Государь император предназначал младшего сына в верховные вожди императорского флота. Предназначение было по душе Алексису хотя бы уже потому, что дальние плавания давали почти неисчерпаемую возможность познания прекрасного пола всех широт и долгот. Нельзя не признать и его романтической склонности к корабельной службе, особенно к бодрой команде вахтенного офицера: «Свистать к вину и обеду!» С петровских времен этот сигнал возвещал адмиральский час, для Алексиса, да и не только для него, отнюдь не ограниченный шестьюдесятью минутами, ибо после вина и обеда грех не присвистнуть во все носовые завертки. Адмиральский час был свят и на сухом пути, чем и не преминул воспользоваться генерал Синельников.
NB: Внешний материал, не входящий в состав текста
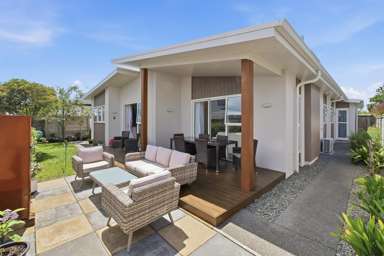 24 Coast Boulevard_4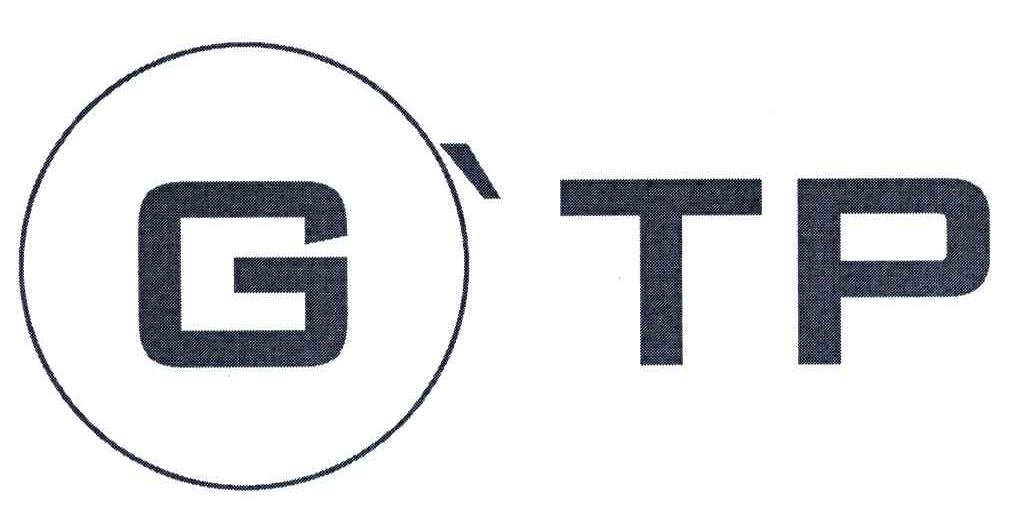 G TP
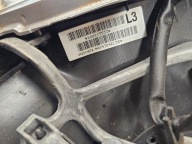 volan koža MULTI NISSAN QASHQAI II J11 34221157A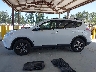 JTMRFREV8GD****** Repairable 2016 Toyota RAV4 in Washington State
В одноконных санях, легких и прочных, с медвежьей полостью, миновал он заснеженную, в черных крапинах кладбищенскую гору и подъехал к ядовито-желтым, недавно выкрашенным воротам острога. Выскочил, как чертик из коробки, поручик, начальник караула, отдал рапорт, Синельников прошел в кордегардию, оттуда в канцелярию, все были на местах, и уже это одно демонстрировало боевую готовность тюремной администрации. Правда, от бдительности генеральской ускользнуло мгновенное исчезновение старшего ключника: тот помчался затворять камеры.